EXERCISE DETAILS
Starting with the line with "jones bootmaker Women's" in the entries below and going on through the line with "Mickey Wins An", output every line exactly and nothing more. No pictures.

THE INPUT
>>>>
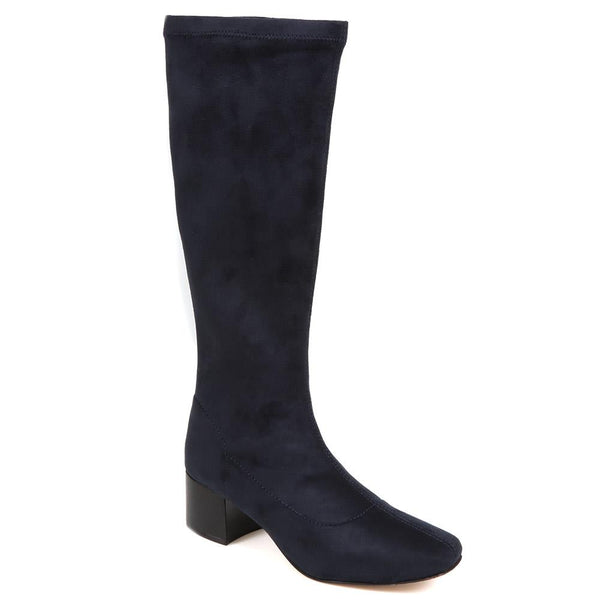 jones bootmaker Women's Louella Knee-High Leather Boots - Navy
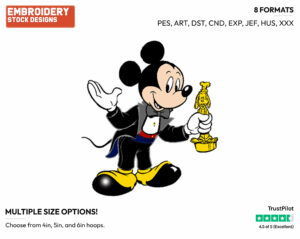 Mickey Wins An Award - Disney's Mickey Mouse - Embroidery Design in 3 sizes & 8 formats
<<<<
>>>>
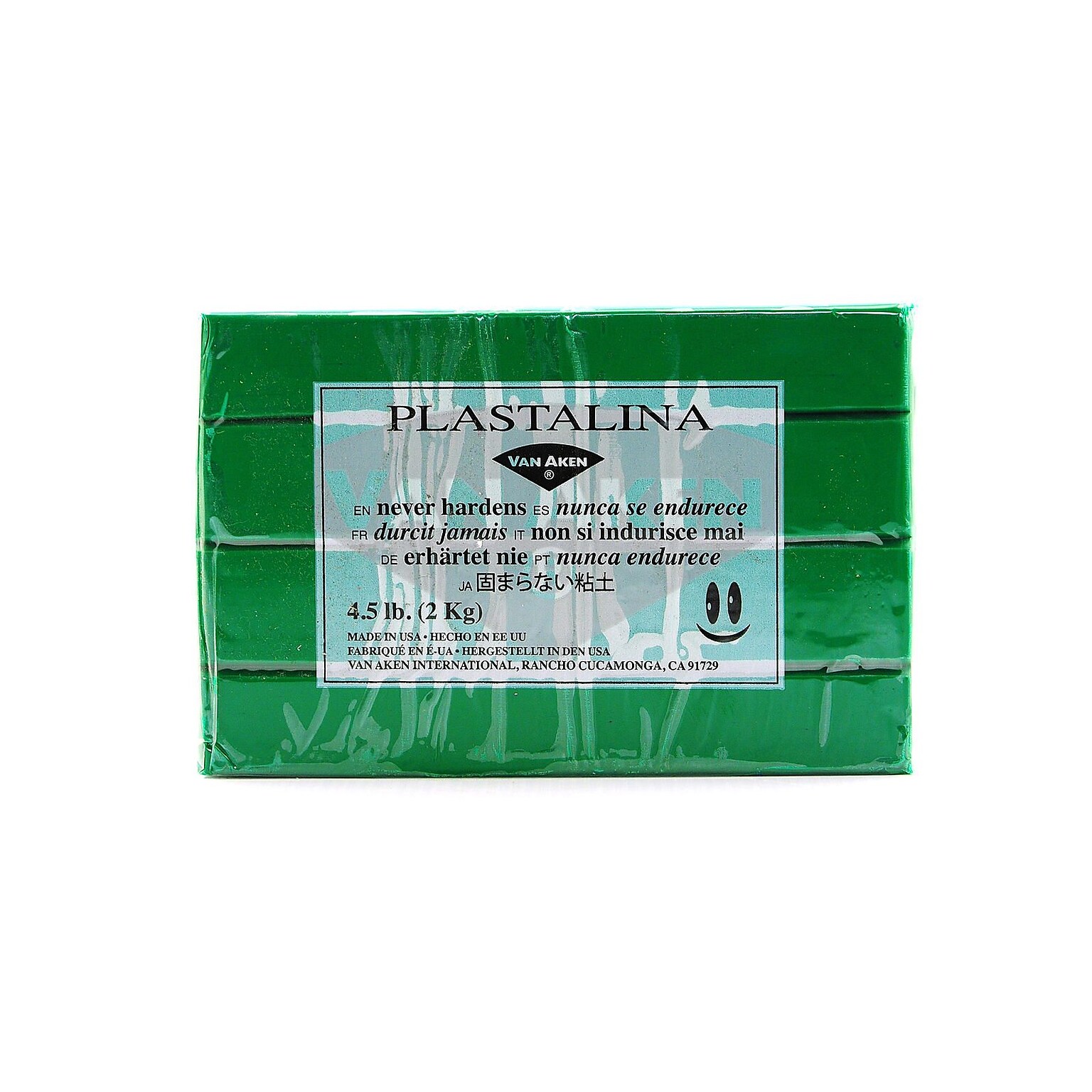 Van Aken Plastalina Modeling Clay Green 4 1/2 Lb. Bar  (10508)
<<<<
>>>>
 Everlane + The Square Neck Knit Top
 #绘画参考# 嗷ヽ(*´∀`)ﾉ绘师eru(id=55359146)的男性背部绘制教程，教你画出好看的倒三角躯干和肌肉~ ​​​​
<<<<
RESPONSE
 jones bootmaker Women's Louella Knee-High Leather Boots - Navy
 Mickey Wins An Award - Disney's Mickey Mouse - Embroidery Design in 3 sizes & 8 formats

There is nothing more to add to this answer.